> Task goal: Leaving out pictures, output exactly the lines below from the one that has "These are Paget" through the one that has "For example, if", and nothing else.

> Data for review:

Content starts

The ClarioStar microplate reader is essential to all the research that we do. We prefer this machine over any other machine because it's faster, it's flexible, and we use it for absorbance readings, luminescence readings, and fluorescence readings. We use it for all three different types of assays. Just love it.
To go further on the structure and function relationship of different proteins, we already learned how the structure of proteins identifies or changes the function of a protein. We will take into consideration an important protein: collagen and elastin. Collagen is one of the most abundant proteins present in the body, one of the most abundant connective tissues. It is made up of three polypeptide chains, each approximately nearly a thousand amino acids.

Content ends
Content starts

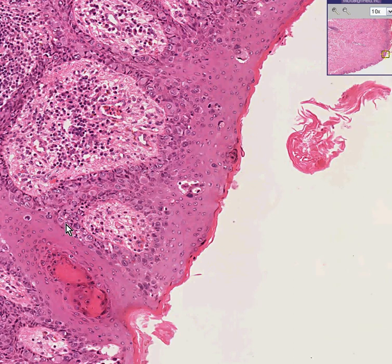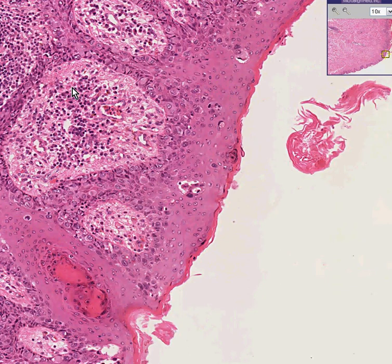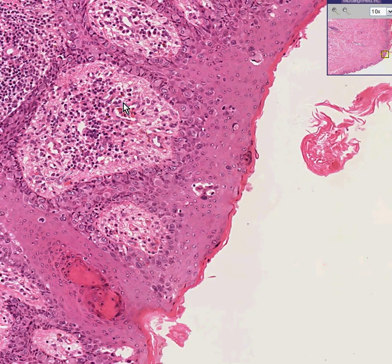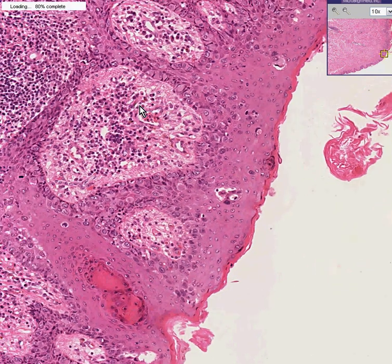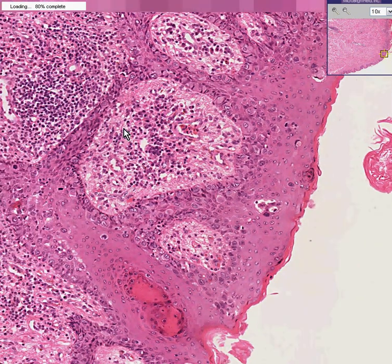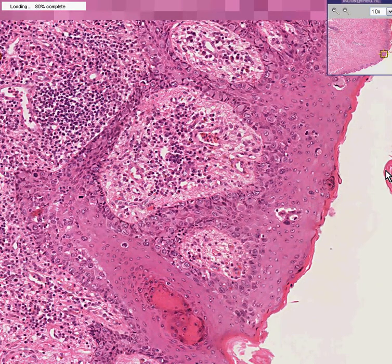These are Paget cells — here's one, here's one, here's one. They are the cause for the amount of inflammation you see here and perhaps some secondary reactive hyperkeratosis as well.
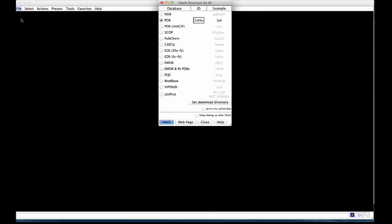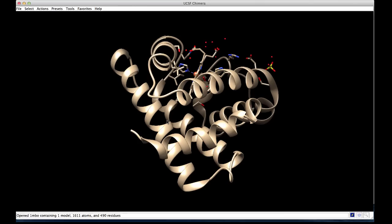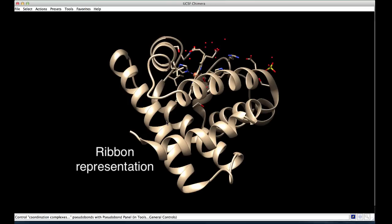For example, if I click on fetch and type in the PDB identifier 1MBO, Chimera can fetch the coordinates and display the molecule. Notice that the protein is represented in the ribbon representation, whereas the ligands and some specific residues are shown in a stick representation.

Content ends

> Your solution:
These are Paget cells — here's one, here's one, here's one. They are the cause for the amount of inflammation you see here and perhaps some secondary reactive hyperkeratosis as well.
For example, if I click on fetch and type in the PDB identifier 1MBO, Chimera can fetch the coordinates and display the molecule. Notice that the protein is represented in the ribbon representation, whereas the ligands and some specific residues are shown in a stick representation.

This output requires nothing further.